Two Months Ago
This entry is reprinted from blogspot on January 5th 2011
Two months ago Jesus came through the door of heaven and carried Jim home to heaven. That sacred moment began a new journey for all of us.
And now it feels like my full-time job is grieving my husband. I think about Jim ALL THE TIME!!!!! The last time I thought about Jim this much we were just dating! Though in love and always working on our marriage and family, I am sure that over the last 30 years I did not think about him every minute. Now, I think about him every time I make a decision. I replay many conversations and events over and over in my mind.

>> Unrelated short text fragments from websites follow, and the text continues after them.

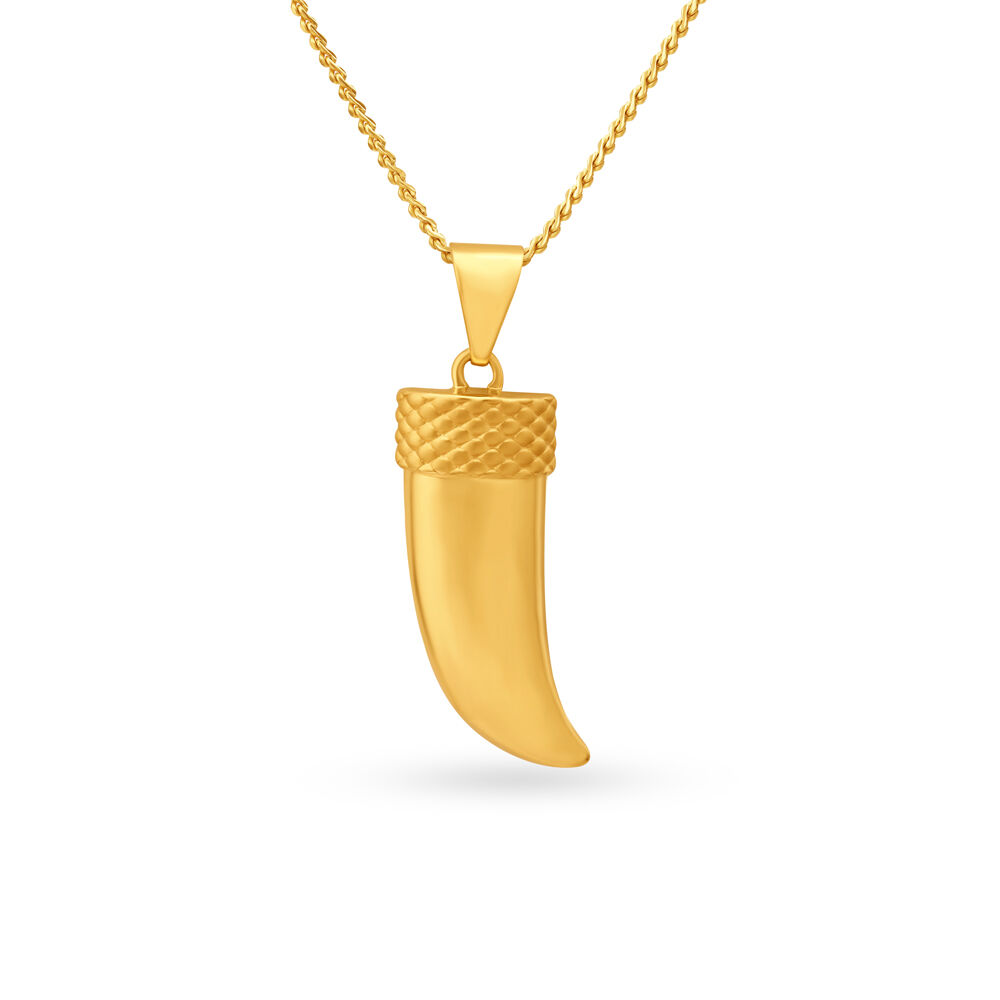 Tanishq gold pendant for male top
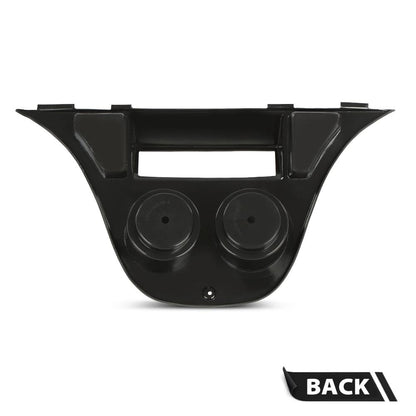 G-PLUS Golf Cart Drive Dash Mounted Radio Adapter w/Cup Holder Compatible with Yamaha, Black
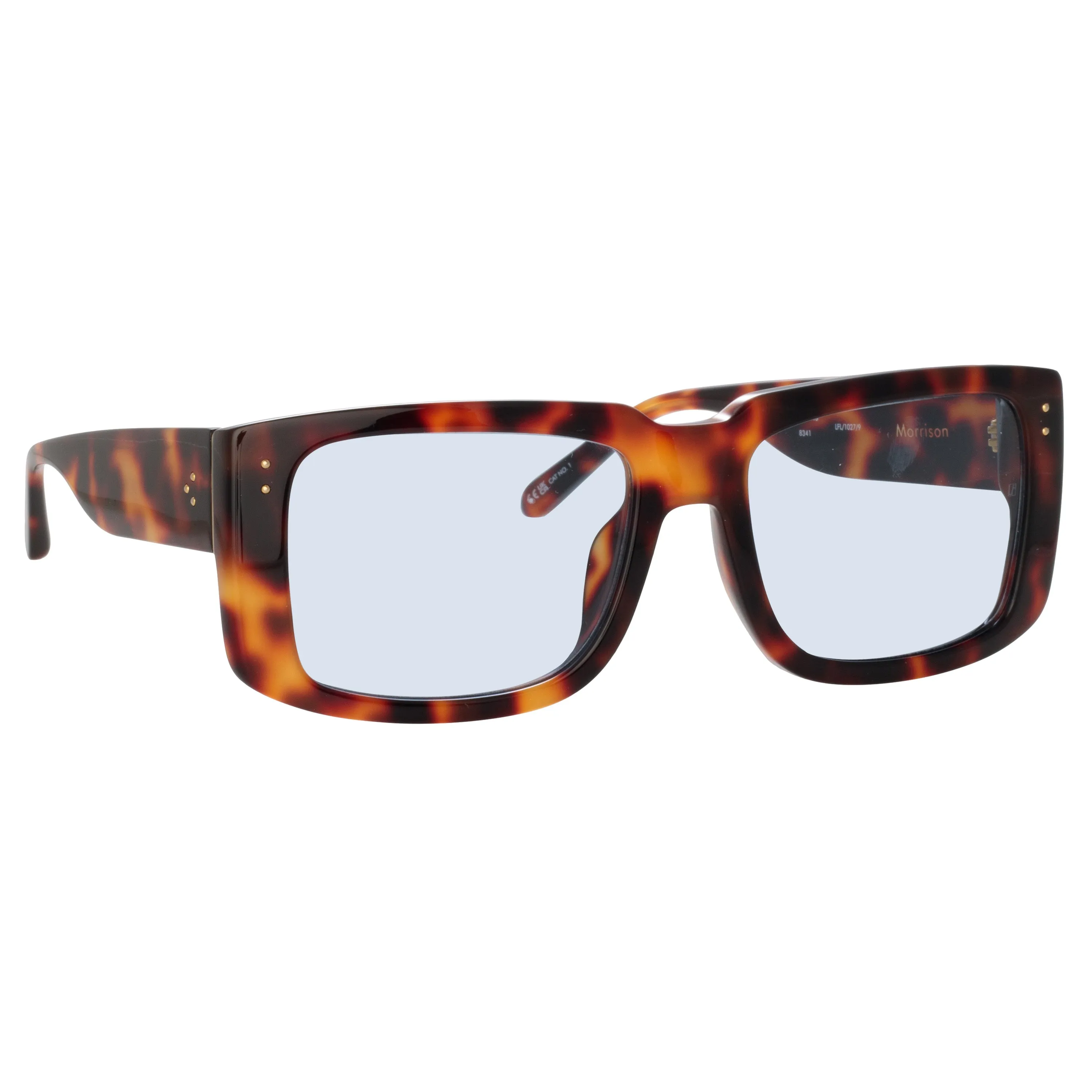 Morrison Rectangular Sunglasses in Tortoiseshell and Blue sold by Linda Farrow product image thumbnail 3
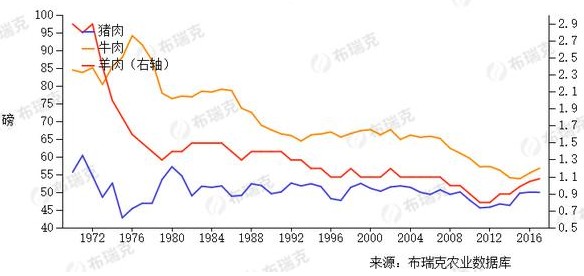 人均肉消费量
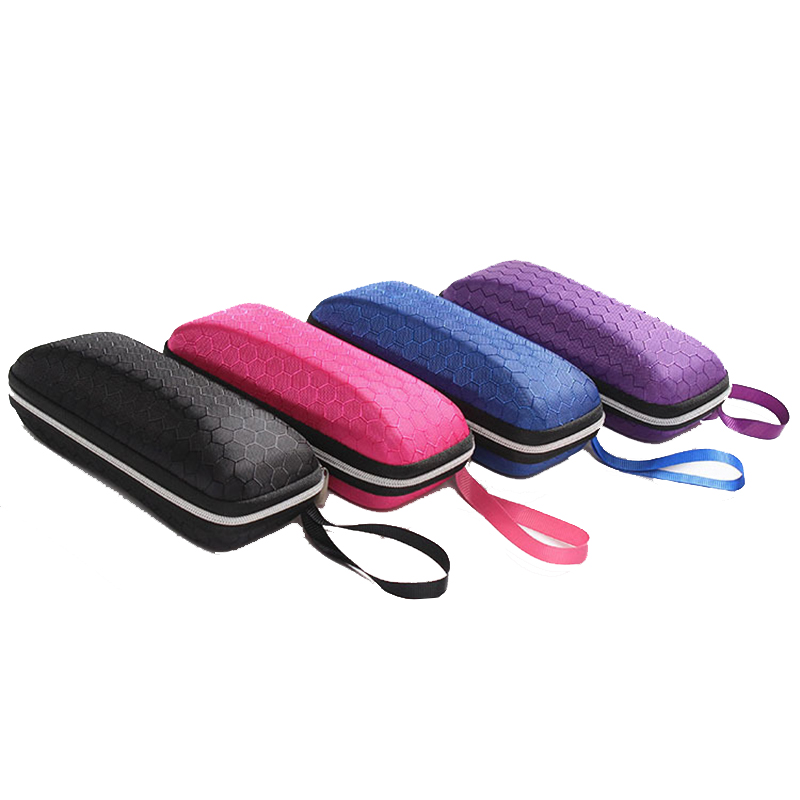 Rectangle Sunglasses Case Portable Zipper Storage Box Crush Resistance Small Hard Eye Glasses Eyewear Protector Boxes 6 Colors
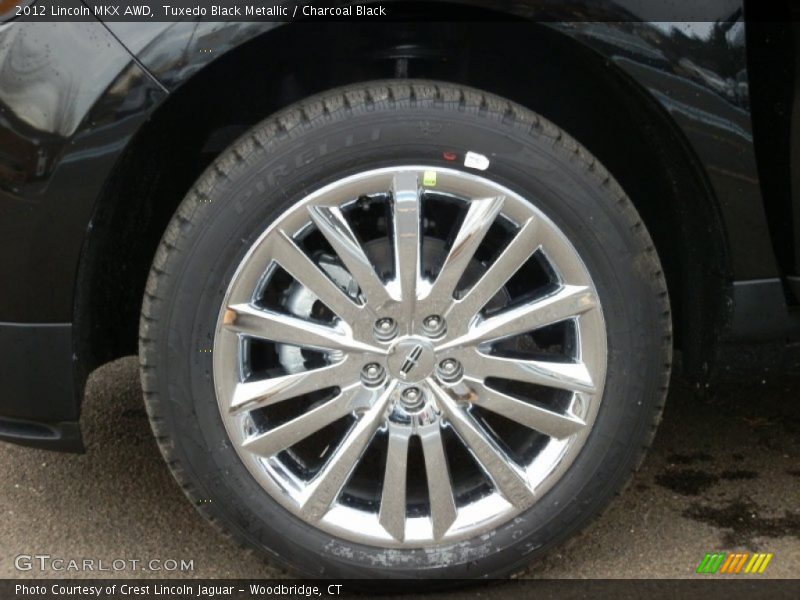 Tuxedo Black Metallic / Charcoal Black 2012 Lincoln MKX AWD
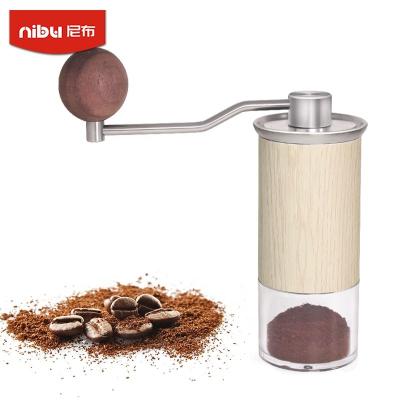 China Viable Home Used Stainless Steel Burr Manual Coffee Conical Adjustable Setting Portable Grinder From NIBU Factory Price for sale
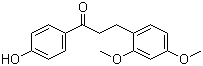 structure of CAS# 119425-89-7, Loureirin A;3-(2,4-Dimethoxyphenyl)-1-(4-hydroxyphenyl)-1-propanone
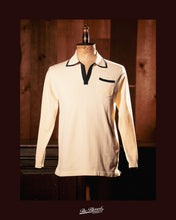 Load image into Gallery viewer, BLD195 2TONE POLO LONG SLEEVE
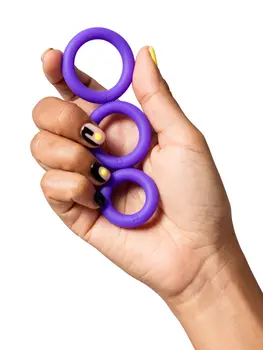 Romp Remix Trio, zestaw pierścieni erekcyjnych, 3 szt.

Everything else happens in a fog. (I remember one New Year’s Eve years ago when it was really foggy; my friend Pam and I couldn’t see well as we were driving and we hit a Rose Parade float! This is that same sensation.) Of course, I am already regretting things I have said and done, things I have forgotten to say and do during this thick foggy weather of the soul. Just when I think I have my act together, making a list and actually accomplishing something on it, I realize that I am still numb and overwhelmed by the dark clouds that surround me. Sometimes the fog seems to lift and I can see a few yards in front of me but most of the time it is zero visibility. I do look forward to when the fog turns into a mist and then dissipates entirely, but until then I know God is holding tightly to my hand.
There are other difficult things I am navigating including –
It is hard to be gracious and accept help when you are an independent and competent person. I often don’t recognize myself these days. Little things overwhelm me. Grief has transformed me into a remote, unconfident, lonely, brainless person. I am humbled by the outpouring of love and prayers and acts of service from friends who love us and loved Jim. I know I can never repay you, but you were not expecting that anyway. I am grateful for your patience and persistence in walking with us when we seem to want to walk alone. We don’t. This illogical and wild roller coaster of grief is much easier to ride with friends that we can cling to on the big drops and who encourage us to throw our hands in the air and scream. We are blessed by the way you keep watching out for us.
It is hard to let my kids be fatherless; I try hard to just be Clayton and Emily’s mom and not fill Jim’s shoes, the role of their dad, in their lives. God wants to give them what they need. He promises to be a father to the fatherless. And I have a new respect for single parents.
It is hard to juggle the practical demands of everyday living when all I want to do is be still and hold my sorrow. It is impossible to wrap my mind around the idea that I have had to trade my lifepartner for such a companion as grief.
It is hard to realize that there is not a formula for living through the loss of someone you love. In spite of all the things I studied in college about “stages” of grief, I now know from experience that the theory is way too linear. Rather, grief is as personal as it is universal. It is more of a labyrinth. A friend who began unwrapping her sorrow several years ago wisely warned me:
Each “gift” of sorrow is unique and each person is unique in the way they open their gifts. The world seems to want us to open them fast, get on with our grieving and be done with it. I think that would make them less uncomfortable. Unfortunately, it doesn’t work that way. As for me, I stashed my gift deep in a closet until I had made sure my kids had unwrapped their gifts first. Then I painstakingly and lovingly sat down with my gift and slowly opened it. The point is, that may not seem right to you and each person is entitled to unwrap this gift the way they want! Also, be aware that this gift has a tendency to re-gift itself at the strangest of times when you least expect it!
That is all I have to say for now. I am posting on this site until I get the kinks worked out, since I am having trouble with the other blog. Thank you for listening to my wandering thoughts once again.
Ps. 34:18 – God is close to the brokenhearted. He rescues those whose spirits are crushed.